→ Description of the task:
Return the listing verbatim, images left out.

→ Data block:
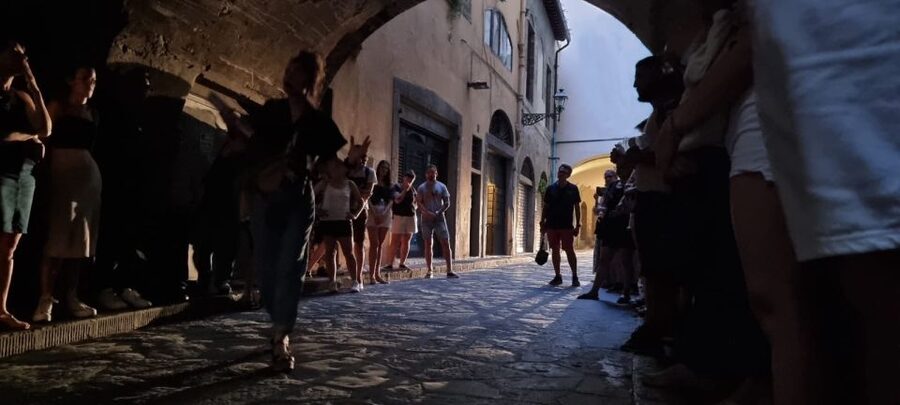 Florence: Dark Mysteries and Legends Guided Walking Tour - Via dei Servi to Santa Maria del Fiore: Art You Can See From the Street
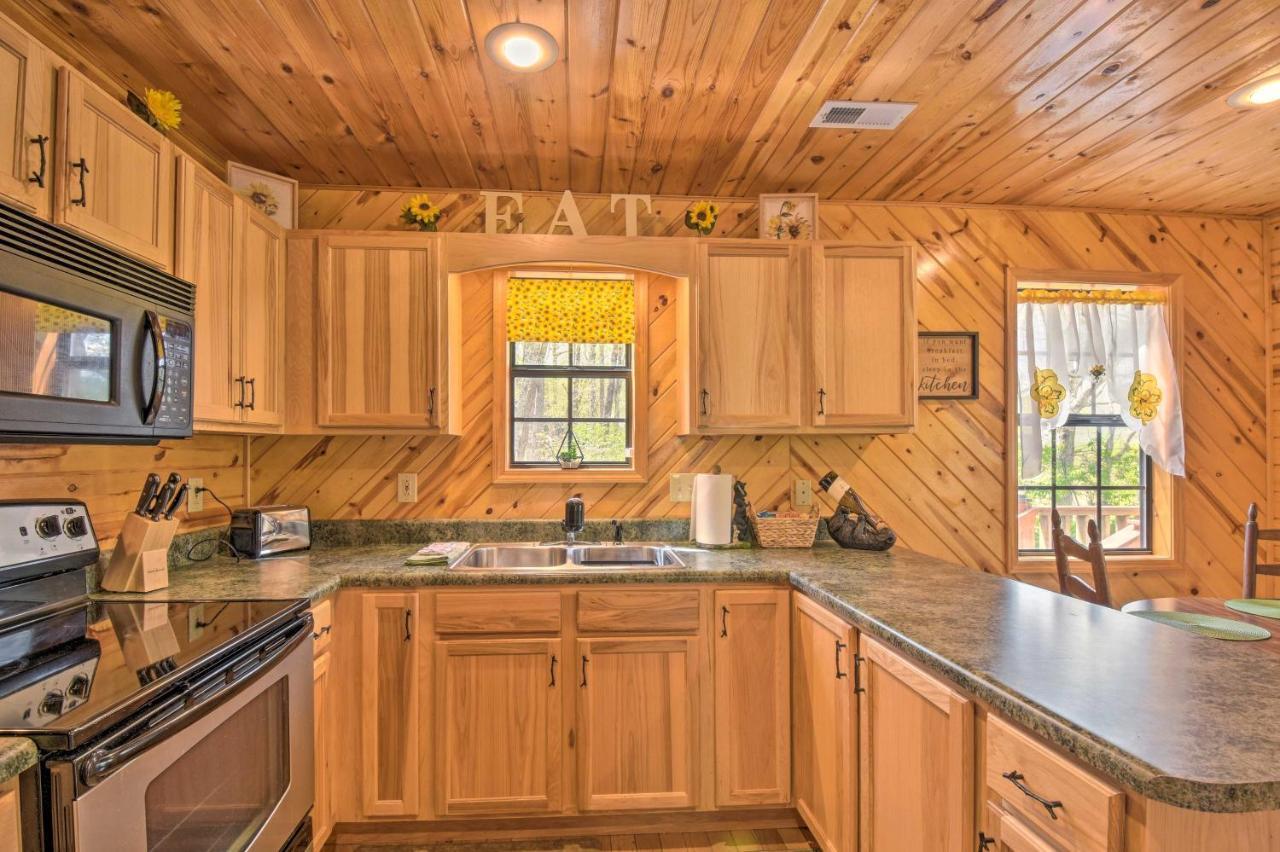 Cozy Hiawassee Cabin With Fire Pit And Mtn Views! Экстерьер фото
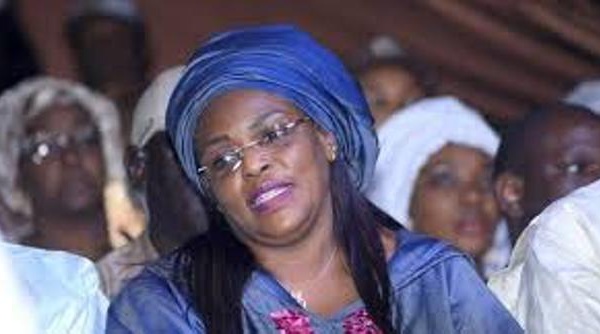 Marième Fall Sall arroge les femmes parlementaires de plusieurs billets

→ Exercise output:
 Florence: Dark Mysteries and Legends Guided Walking Tour - Via dei Servi to Santa Maria del Fiore: Art You Can See From the Street
 Cozy Hiawassee Cabin With Fire Pit And Mtn Views! Экстерьер фото
 Marième Fall Sall arroge les femmes parlementaires de plusieurs billets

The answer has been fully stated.